Hans Schantz, UWB Thinking, and the Limits of Ham-Radio Framing
I watched G3LRC’s interview with Dr. Hans Schantz, KC5VLD, and it is absolutely worth your time... but mostly because Hans is in it. He is clearly top notch in his field, and the strongest parts of the discussion are the parts where he gets room to explain things in his own way.
To be blunt, this is not really an interview where both sides are operating at the same technical altitude. Hans comes from a much deeper antenna and electromagnetics background than the framing around him sometimes suggests. That does not make the interview bad... it just means the real value is carried more by the guest than by the questions.
The key point for radio amateurs is this: Hans’s reputation was not built on casual HF folklore, feedpoint superstition, or the usual backyard shorthand that gets repeated in ham radio. His best-known technical work is rooted in ultrawideband thinking, broadband antenna behavior, time-domain methods, and a much more rigorous way of thinking about how antennas actually move energy. That is exactly why this interview matters... and also why some of the questions feel a bit off-axis.
The Art and Science of Ultrawideband Antennas
Fields & Energy Book I: Fundamentals & Origins of Electromagnetism
Fields & Energy Substack
Hans G. Schantz author page
The main thing HF readers should understand
Hans is interesting to HF operators precisely because he is not coming from the usual HF comfort zone. His value is not that he repeats familiar ham-radio slogans with more authority. His value is that he forces you to think in terms of mechanism rather than myth: what fields are doing, where energy is actually flowing, what conductor geometry changes, why bandwidth behaves the way it does, and why measurement context matters.
That distinction matters. Too often, hams hear a technically strong guest and immediately try to collapse everything into “So what does that mean for my dipole, my coax, my balun, my tuner?” Sometimes that is the wrong first question. Sometimes the better first step is to understand the principle properly and only then translate it back to HF practice.
Where the interview is strongest
The best moments are the ones where Hans gets time to explain rather than react.

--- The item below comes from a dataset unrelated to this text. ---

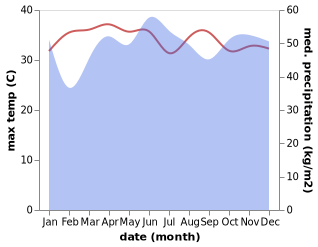 temperature and rainfall during the year in Bangkal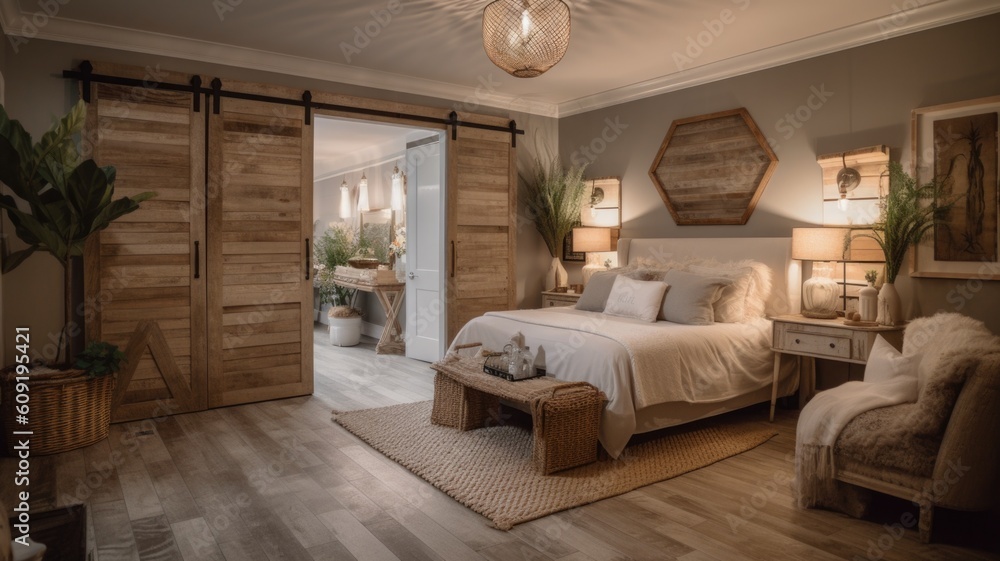 Interior design of Bedroom in Farmhouse style with Barn door decorated with Linen, cotton, reclaimed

When he talks through antenna behavior from first principles, you can hear the conversation become much more useful. That is where the interview stops being trivia and starts being engineering.
For technically curious readers, that is the reason to watch it. Not because every prompt is sharp, but because Hans repeatedly turns a slightly sideways question into something worth thinking about. That is a skill in itself, and it is also why the interview still lands despite the uneven framing.
Where it is weaker
The weaker side is the questioning. Quite a few prompts feel a bit “off,” as if the discussion is trying to drag a specialist in ultrawideband and deeper electromagnetics into a simpler ham-radio lane than the subject really deserves. Hans keeps rescuing those moments, but you can feel the mismatch.
That is not the same as saying every broader conclusion around Fields & Energy should be treated as settled textbook consensus. Readers should separate two things: Hans as a very serious antenna and electromagnetics thinker, and Hans’s wider interpretive framework in physics, which goes beyond ordinary handbook-level engineering.
The practical takeaway
Watch the interview, but do not stop at the interview. Use it as a doorway. If you want the real substance, go read Hans at source. His own books and writing are where the signal-to-noise ratio becomes much better.
So yes... this interview is worth watching. But the most honest summary is probably this: Hans is the reason to watch it, and Hans is also the reason to read further after it ends.
Mini-FAQ
- Is this article saying Hans Schantz is not relevant to HF? No... quite the opposite. His value to HF readers is that he brings deeper first-principles thinking than ordinary HF rule-of-thumb talk.
- Is the criticism aimed at Dave or at Hans? At the framing, not at Hans. The interview is still worth watching, but Hans carries most of the technical weight.
- Should a ham buy Hans’s UWB book? Yes, if you want strong antenna fundamentals and a more serious engineering lens. Just do not expect an HF cookbook... it is a theory-heavy technical work.
- Are the broader Fields & Energy ideas the same as standard handbook consensus? Not necessarily. Treat those as Hans’s wider interpretive framework, while recognizing that the antenna-engineering value still stands on its own.